[Short text fragments from websites]
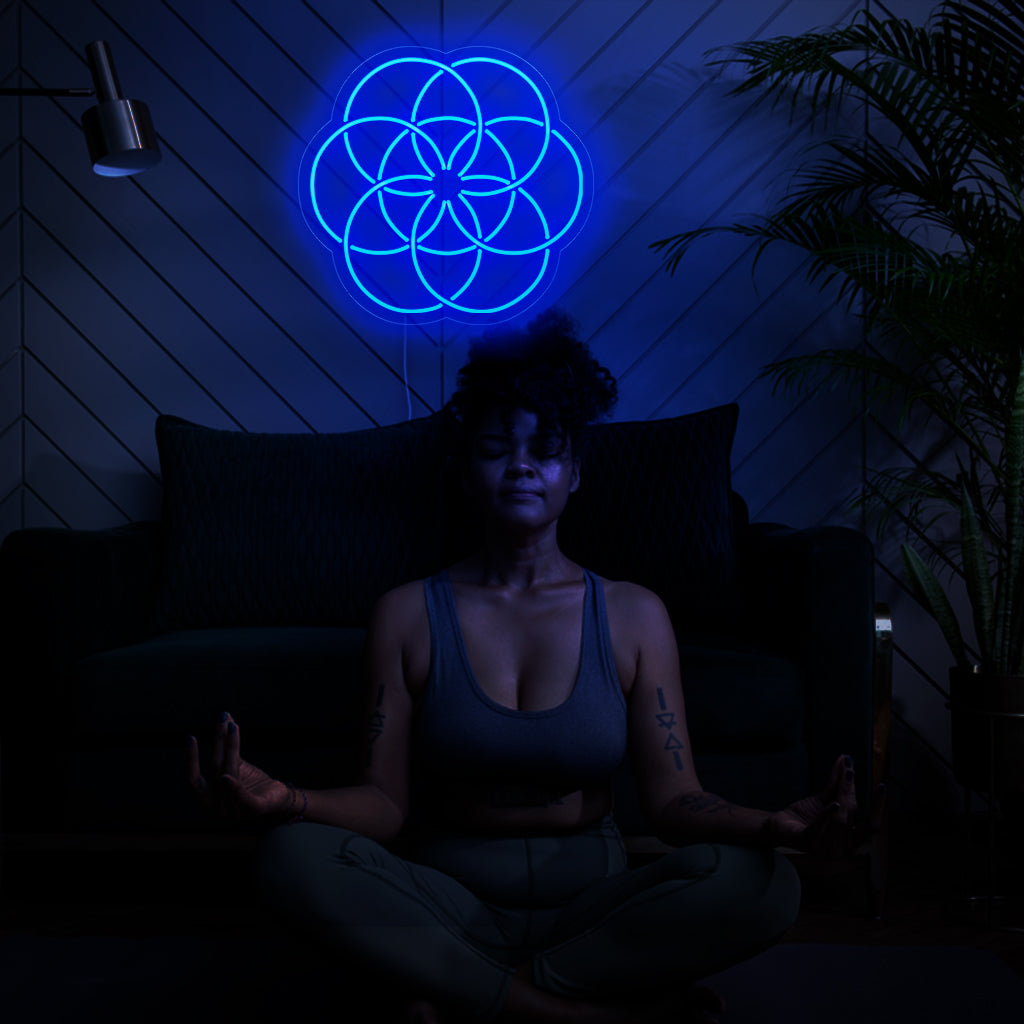 "Livets blomma neonskylt" lyser upp med helig geometri, perfekt för andliga utrymmen och områden som omfamnar den symboliska skönheten i Livets blomma, vilket ger en touch av andlighet till atmosfären.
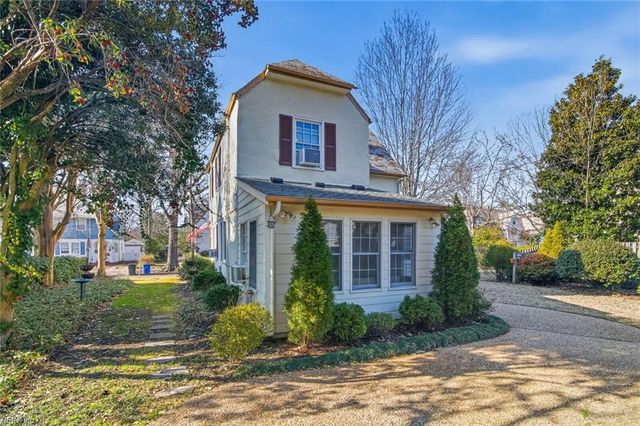 68 Hopkins ST, Newport News, VA 23601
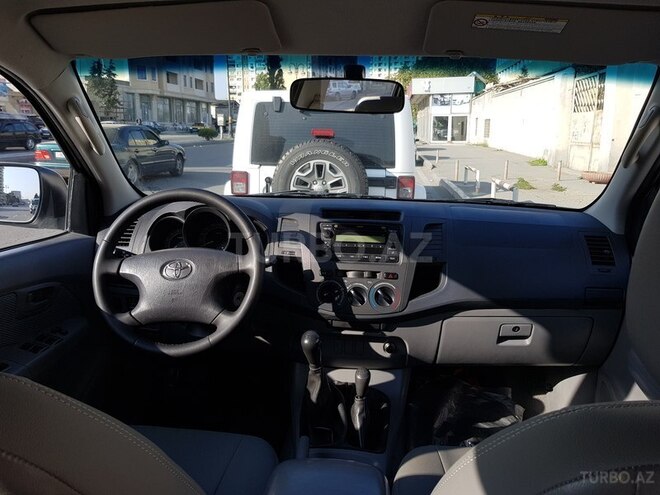 Toyota Hilux 2010, 76,000 km - 2.5 l - Bakı
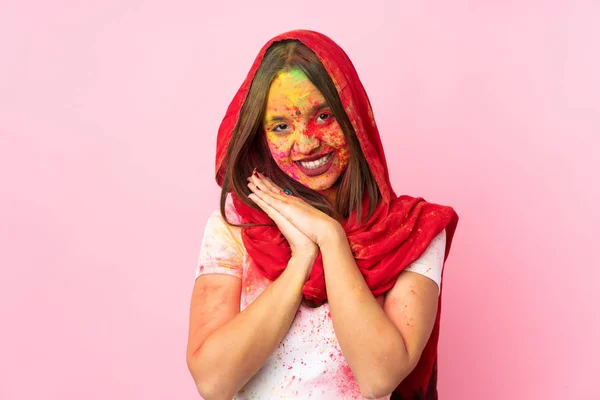 Egy Fiatal Indiai Színes Holi Porral Arcán Rózsaszín Háttéren Elszigetelve — Stock Fotó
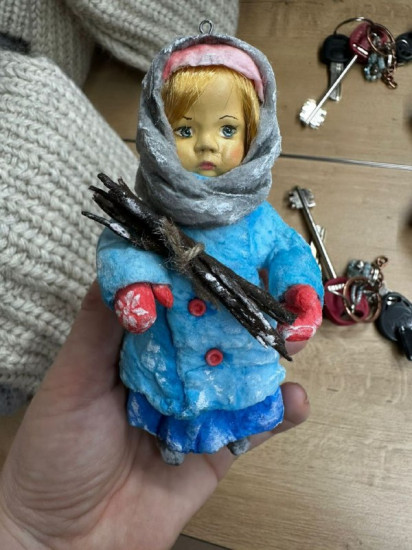 Ёлочная ватная игрушка «Девочка с вязанкой дров»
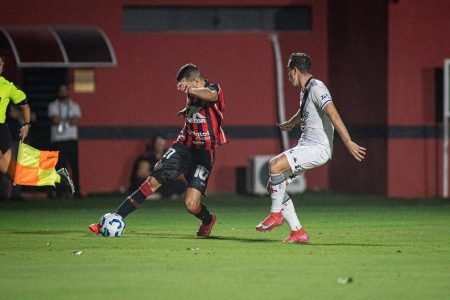 De virada! Vitória vence o Vasco no Barradão e fica fora da zona de rebaixamento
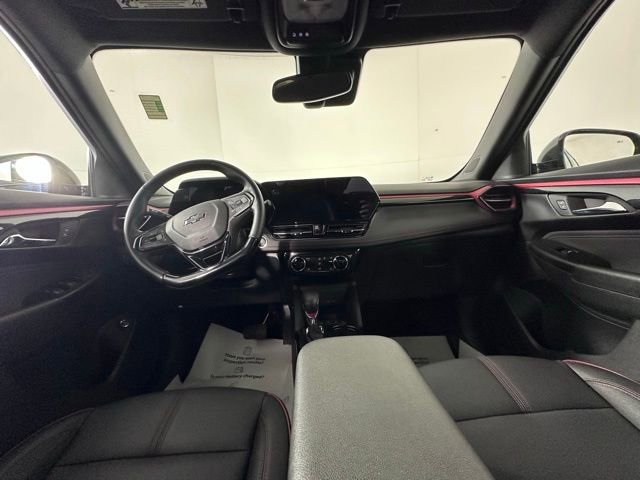 Used 2024 Chevrolet TrailBlazer RS w/ Convenience Package AWD/4WD image 17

_Activity_
Every line above must be printed again exactly, pictures excluded.

_Result for this task_
 "Livets blomma neonskylt" lyser upp med helig geometri, perfekt för andliga utrymmen och områden som omfamnar den symboliska skönheten i Livets blomma, vilket ger en touch av andlighet till atmosfären.
 68 Hopkins ST, Newport News, VA 23601
 Toyota Hilux 2010, 76,000 km - 2.5 l - Bakı
 Egy Fiatal Indiai Színes Holi Porral Arcán Rózsaszín Háttéren Elszigetelve — Stock Fotó
 Ёлочная ватная игрушка «Девочка с вязанкой дров»
 De virada! Vitória vence o Vasco no Barradão e fica fora da zona de rebaixamento
 Used 2024 Chevrolet TrailBlazer RS w/ Convenience Package AWD/4WD image 17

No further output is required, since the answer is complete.